Reinhard Genzel, who led the research, said that it provided “what is now considered to be the best empirical evidence that super-massive black holes do really exist. The stellar orbits in the galactic centre show that the central mass concentration of four million solar masses must be a black hole, beyond any reasonable doubt.”

Sagittarius A* is not exactly centred on the black hole. If it were, we would be able to see the object magnified as a result of gravitational lensing, a phenomenon that occurs because light of a distant source gets lensed, or bent by the gravity of an extremely massive object in the foreground. (The Einstein Cross in Pegasus constellation is a good example.)

As we don’t see the object enlarged beyond its size, this indicates that the radio emissions of Sgr A* are not centred on the black hole, but come from a bright spot in the area around it, near the event horizon.

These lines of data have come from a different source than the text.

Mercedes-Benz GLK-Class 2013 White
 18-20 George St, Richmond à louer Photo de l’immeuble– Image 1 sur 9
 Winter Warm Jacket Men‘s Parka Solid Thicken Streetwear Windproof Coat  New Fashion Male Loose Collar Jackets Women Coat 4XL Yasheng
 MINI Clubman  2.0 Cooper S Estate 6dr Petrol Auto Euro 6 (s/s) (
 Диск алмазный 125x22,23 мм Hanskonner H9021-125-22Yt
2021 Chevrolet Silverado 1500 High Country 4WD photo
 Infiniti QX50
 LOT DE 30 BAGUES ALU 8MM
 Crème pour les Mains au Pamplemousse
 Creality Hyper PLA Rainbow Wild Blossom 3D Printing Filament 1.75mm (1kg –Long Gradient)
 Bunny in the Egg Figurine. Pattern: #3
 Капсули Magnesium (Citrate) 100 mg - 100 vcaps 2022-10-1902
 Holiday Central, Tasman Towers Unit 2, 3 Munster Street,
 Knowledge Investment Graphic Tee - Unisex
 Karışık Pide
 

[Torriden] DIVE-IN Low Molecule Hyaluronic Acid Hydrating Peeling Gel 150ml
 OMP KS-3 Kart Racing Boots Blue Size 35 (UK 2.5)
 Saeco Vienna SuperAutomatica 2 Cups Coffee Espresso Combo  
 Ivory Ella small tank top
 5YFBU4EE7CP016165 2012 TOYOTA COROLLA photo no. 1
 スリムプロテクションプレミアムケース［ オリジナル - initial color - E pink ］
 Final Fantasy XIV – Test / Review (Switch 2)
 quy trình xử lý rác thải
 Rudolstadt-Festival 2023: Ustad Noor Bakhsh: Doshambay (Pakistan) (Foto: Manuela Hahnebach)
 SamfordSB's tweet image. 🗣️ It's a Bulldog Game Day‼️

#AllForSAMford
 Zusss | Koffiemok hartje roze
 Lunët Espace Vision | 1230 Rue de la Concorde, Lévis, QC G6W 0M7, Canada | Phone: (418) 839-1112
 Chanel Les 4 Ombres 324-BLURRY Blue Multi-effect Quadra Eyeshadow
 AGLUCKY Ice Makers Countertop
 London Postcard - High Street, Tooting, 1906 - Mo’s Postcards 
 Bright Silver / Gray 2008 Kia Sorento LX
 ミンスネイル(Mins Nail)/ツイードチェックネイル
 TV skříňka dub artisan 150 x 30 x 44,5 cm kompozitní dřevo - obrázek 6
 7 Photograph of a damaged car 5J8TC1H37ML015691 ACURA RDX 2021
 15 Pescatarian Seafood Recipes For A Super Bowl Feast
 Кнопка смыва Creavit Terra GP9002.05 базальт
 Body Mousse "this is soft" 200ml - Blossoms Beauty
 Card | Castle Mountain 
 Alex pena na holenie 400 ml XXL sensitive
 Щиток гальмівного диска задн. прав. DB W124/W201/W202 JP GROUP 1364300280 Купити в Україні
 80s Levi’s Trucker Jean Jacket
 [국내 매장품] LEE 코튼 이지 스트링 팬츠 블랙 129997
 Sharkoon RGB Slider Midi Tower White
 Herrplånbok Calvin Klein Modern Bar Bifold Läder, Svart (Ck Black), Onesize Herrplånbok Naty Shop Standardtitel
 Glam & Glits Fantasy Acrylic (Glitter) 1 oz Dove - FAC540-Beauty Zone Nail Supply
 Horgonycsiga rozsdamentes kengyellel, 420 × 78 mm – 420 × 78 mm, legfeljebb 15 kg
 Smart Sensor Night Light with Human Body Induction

In other words, the emission doesn’t come from the black hole itself, but from the material that the black hole is about to swallow up.

The black hole itself can’t be seen, but observations of nearby objects are only consistent if there is one present in the vicinity of Sagittarius A*.

VIDEO

IMAGES

The NASA/ESA Hubble Space Telescope, the Spitzer Space Telescope and the Chandra X-ray Observatory have collaborated to produce an unprecedented image of the central region of our Milky Way galaxy. In this image, observations using infrared light and X-ray light see through the obscuring dust and reveal the intense activity near the galactic core. Note that the centre of the galaxy is located within the bright white region to the right of and just below the middle of the image. The entire image width covers about one-half a degree, about the same angular width as the full moon.
Each telescope’s contribution is presented in a different colour:
Yellow represents the near-infrared observations of Hubble. They outline the energetic regions where stars are being born as well as reveal hundreds of thousands of stars.
Red represents the infrared observations of Spitzer. The radiation and winds from stars create glowing dust clouds that exhibit complex structures from compact, spherical globules to long, stringy filaments.
Blue and violet represent the X-ray observations of Chandra. X-rays are emitted by gas heated to millions of degrees by stellar explosions and by outflows from the supermassive black hole in the galaxy’s centre. The bright blue blob on the left side is emission from a double star system containing either a neutron star or a black hole. When these views are brought together, this composite image provides one of the most detailed views ever of our galaxy’s mysterious core. Image: NASA, ESA, SSC, CXC and STScI

This image, not unlike a pointillist painting, shows the star-studded centre of the Milky Way towards the constellation of Sagittarius. The crowded centre of our galaxy contains numerous complex and mysterious objects that are usually hidden at optical wavelengths by clouds of dust — but many are visible here in these infrared observations from Hubble. However, the most famous cosmic object in this image still remains invisible: the monster at our galaxy’s heart called Sagittarius A*. Astronomers have observed stars spinning around this supermassive black hole (located right in the centre of the image), and the black hole consuming clouds of dust as it affects its environment with its enormous gravitational pull. Image: NASA, ESA, and G. Brammer

In a 16-year long study, using several of ESO’s flagship telescopes, a team of German astronomers has produced the most detailed view ever of the surroundings of the monster lurking at our Galaxy’s heart — a supermassive black hole. The research has unravelled the hidden secrets of this tumultuous region by mapping the orbits of almost 30 stars, a five-fold increase over previous studies. One of the stars has now completed a full orbit around the black hole. By watching the motions of 28 stars orbiting the Milky Way’s most central region with admirable patience and amazing precision, astronomers have been able to study the supermassive black hole lurking there. It is known as “Sagittarius A*”. The new research marks the first time that the orbits of so many of these central stars have been calculated precisely and reveals information about the enigmatic formation of these stars — and about the black hole to which they are bound. Image: ESO, Stefan Gillessen, Reinhard Genzel, Frank Eisenhauer

This Chandra image of Sgr A* and the surrounding region is based on data from a series of observations lasting a total of about one million seconds, or almost two weeks. Such a deep observation has given scientists an unprecedented view of the supernova remnant near Sgr A* (known as Sgr A East) and the lobes of hot gas extending for a dozen light years on either side of the black hole. These lobes provide evidence for powerful eruptions occurring several times over the last ten thousand years. The image also contains several mysterious X-ray filaments, some of which may be huge magnetic structures interacting with streams of energetic electrons produced by rapidly spinning neutron stars. Such features are known as pulsar wind nebulas. Image: NASA/CXC/MIT/F. Baganoff, R. Shcherbakov et al.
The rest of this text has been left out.